Karoo Venison by Albe Neethling; Annatjie Reynolds; Lynne Minnaar
Karoo Family Favourites by
Lynn Minnaar, Annatjie Reynolds and Janet Kingwell
Also keep an eye out for recipes by author and ‘Maak ‘n Las’ presenter, Pieter Pieterse.
Ian’s recipe for Lamb Potjiekos was published in the South African Illustrated Cookbook by Lehla Eldridge.
A ‘potjiekos’ is an Afrikaans stew slow-cooked in a ‘potjie’ over hot coals. A potjie is a three-legged cast-iron pot. If you’re cooking on a cooker instead of over a fire, this recipe will be easier prepared using a heavy-bottomed pot.
If you like your food hot and spicy, add more chillis and curry powder.

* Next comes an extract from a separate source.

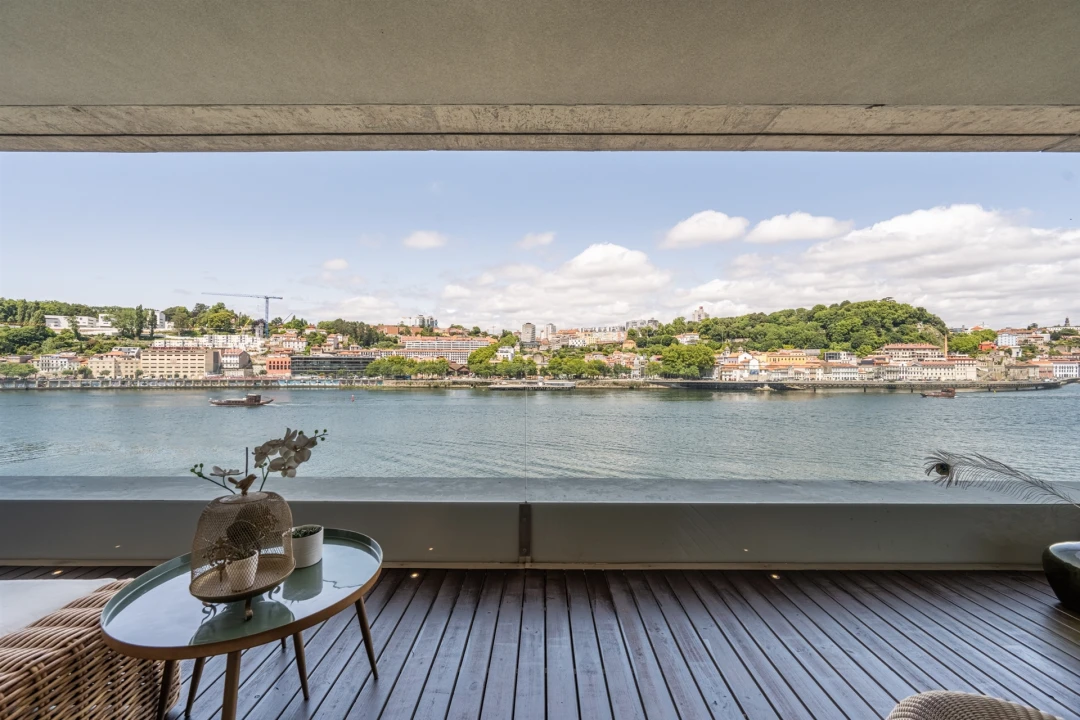 Apartamento T3 para Arrendamento em Santa Marinha e São Pedro da Afurada Foto 2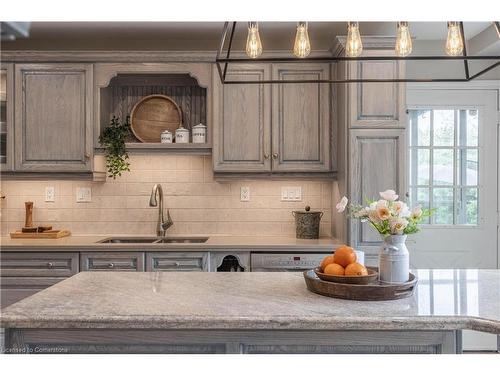 14 Kentmere Grove, Carlisle, ON - Indoor Photo Showing Kitchen With Double Sink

You can also substitute pumpkin for butternut and tomatoes for spinach.
Preparation time: 40 minutes
Cooking time: 3 hours
- 4 large onions, peeled and chopped
- 4T (60ml) sunflower oil
- 4t (20ml) medium curry powder
- 1t (5ml) crushed, dried naartjie peel
- 1T (15ml) ground coriander
- 4 curry leaves
- 4 bay leaves
- 600g lamb neck or shank, cubed or sliced
- Juice of 1 lemon
- 4 large potatoes, peeled and chopped
- 4 carrots, scraped and chopped
- 5 cloves garlic, crushed
- 200g spinach
- 1T (15ml) salt
It is best to start cooking your lamb potjie when the coals are not too hot or ‘medium heat’ in kitchen terms. Begin by browning the onions in the oil in the potjie. Add the curry powder, naartjie peel, cumin, chillies, coriander, curry leaves and bay leaves, and sauté for a minute or so. Add the meat and brown with the onions and simmer. Add a layer of potatoes, followed by layers of carrot, butternut, garlic and finally spinach. Season with salt, replace the lid and leave to simmer slowly for approximately 3 hours until the meat is tender and the vegetables cooked. Use a large spoon when dishing up and serve the stew with rice or samp and beans, pot bread and a chutney atjar.